> **Activity**
What must be written out is each line from the one holding "Essential Oils Chart Woodland Aromatherapy" through the end of the records, word for word, minus any pictures.

(Recorded data)
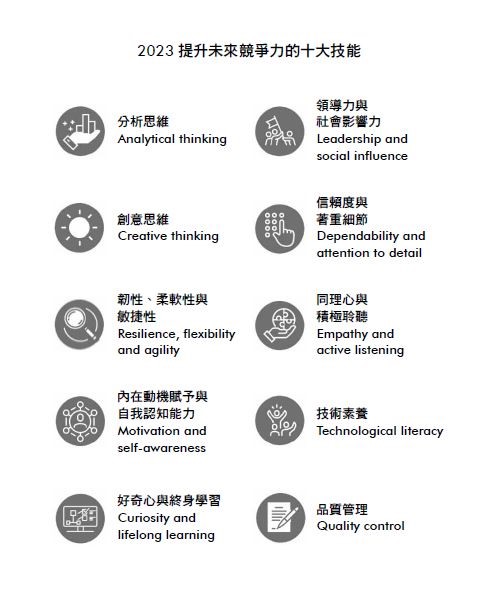 ai時代要具備的10個能力,ai生成時代的工作革命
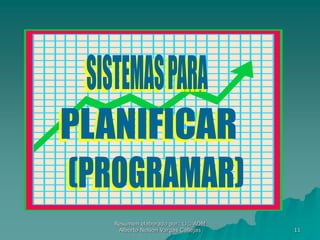 11
Resumen elaborado por: Lic. ADM
Alberto Nelson Vargas Callejas
 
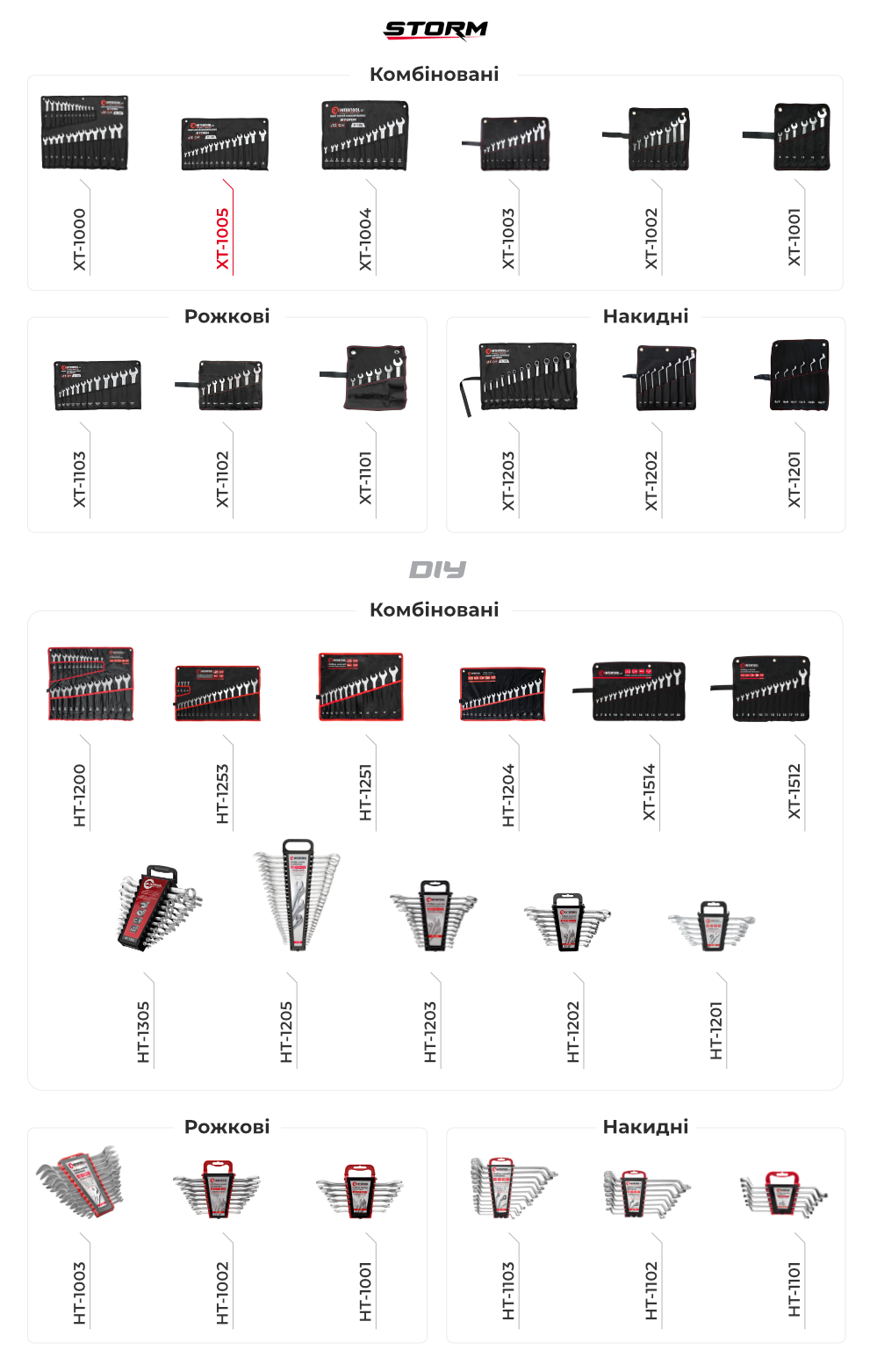 Лінійка ключів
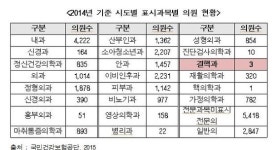 결핵 발생 OECD 1등인데…결핵과 의원 전국 3곳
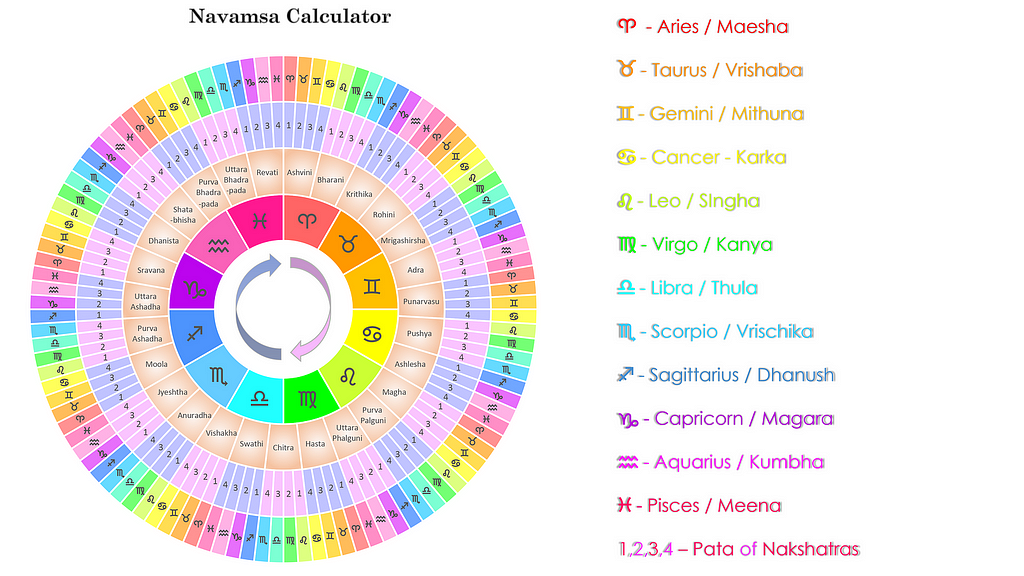 Jaivanth, CC BY-SA 4.0, via Wikimedia Commons — Illustration of the 12 Sun signs in a clockwise direction (inner ring), 27 nakshatras (ring just outside of the Sun sign symbols), the divisions of the nakshatras into 4 portions (ring just outside of the rings of nakshatras), and finally the divisions of the Sun signs into 9 portions (outermost ring).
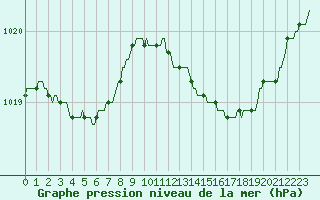 Courbe de la pression atmosphrique pour Bulson (08)
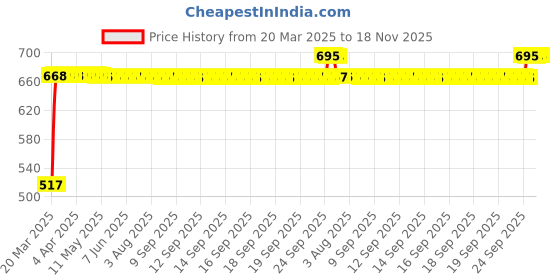 moglix.com RA Accessories Black Silver Outlet Long Black Silencer Exhaust for Yamaha Libero LX ra accessories Price History Graph from 20 Mar 2025 to 18 Nov 2025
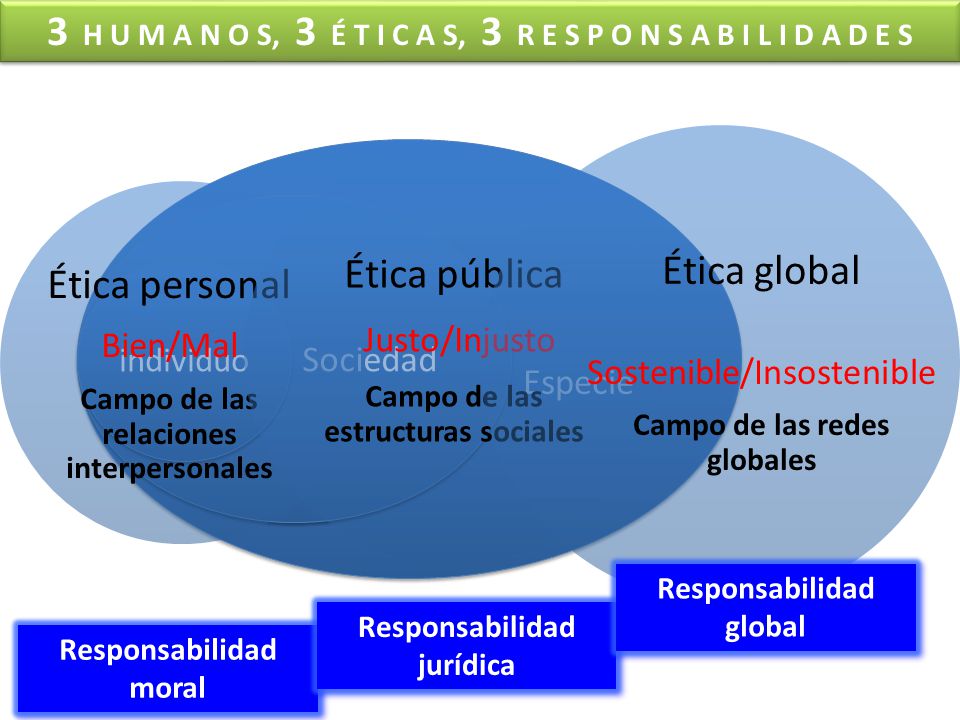 3 H U M A N O S, 3 É T I C A S, 3 R E S P O N S A B I L I D A D E S
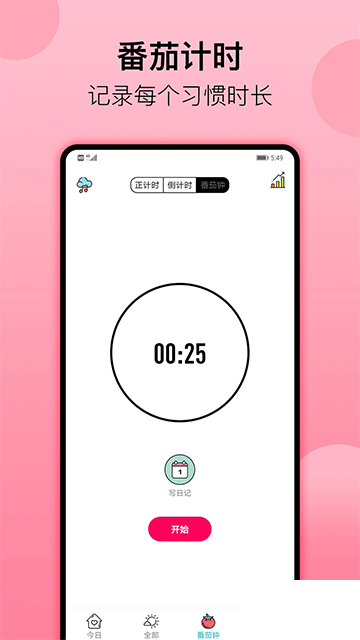 小習(xí)慣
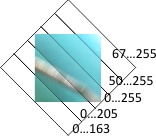 hue or dye - input range.jpg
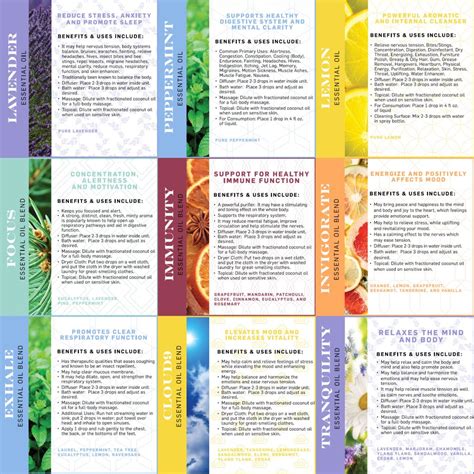 Essential Oils Chart Woodland Aromatherapy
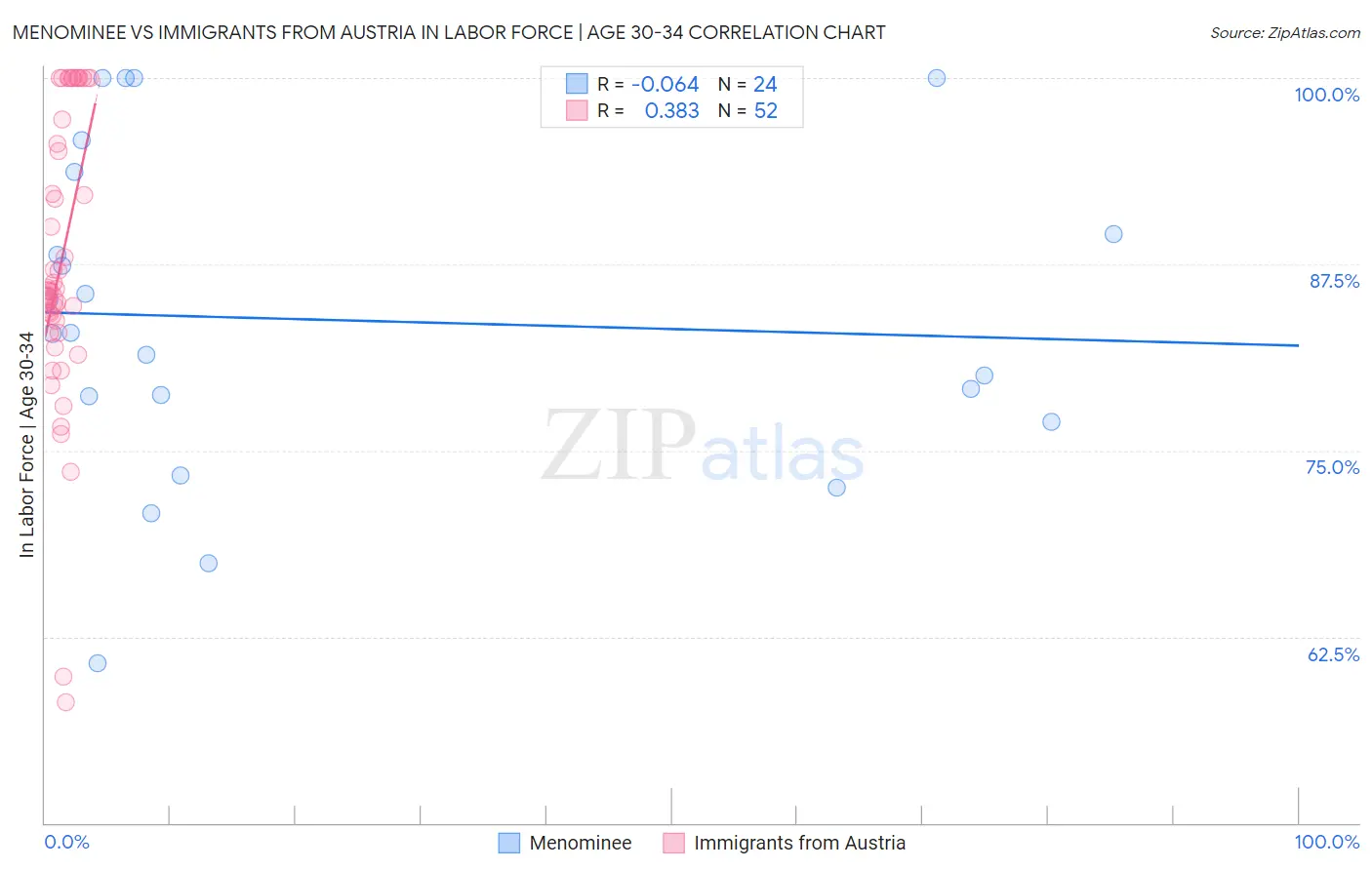 Menominee vs Immigrants from Austria In Labor Force | Age 30-34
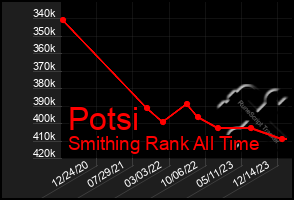 Total Graph of Potsi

> **Answer box**
 Essential Oils Chart Woodland Aromatherapy
 Menominee vs Immigrants from Austria In Labor Force | Age 30-34
 Total Graph of Potsi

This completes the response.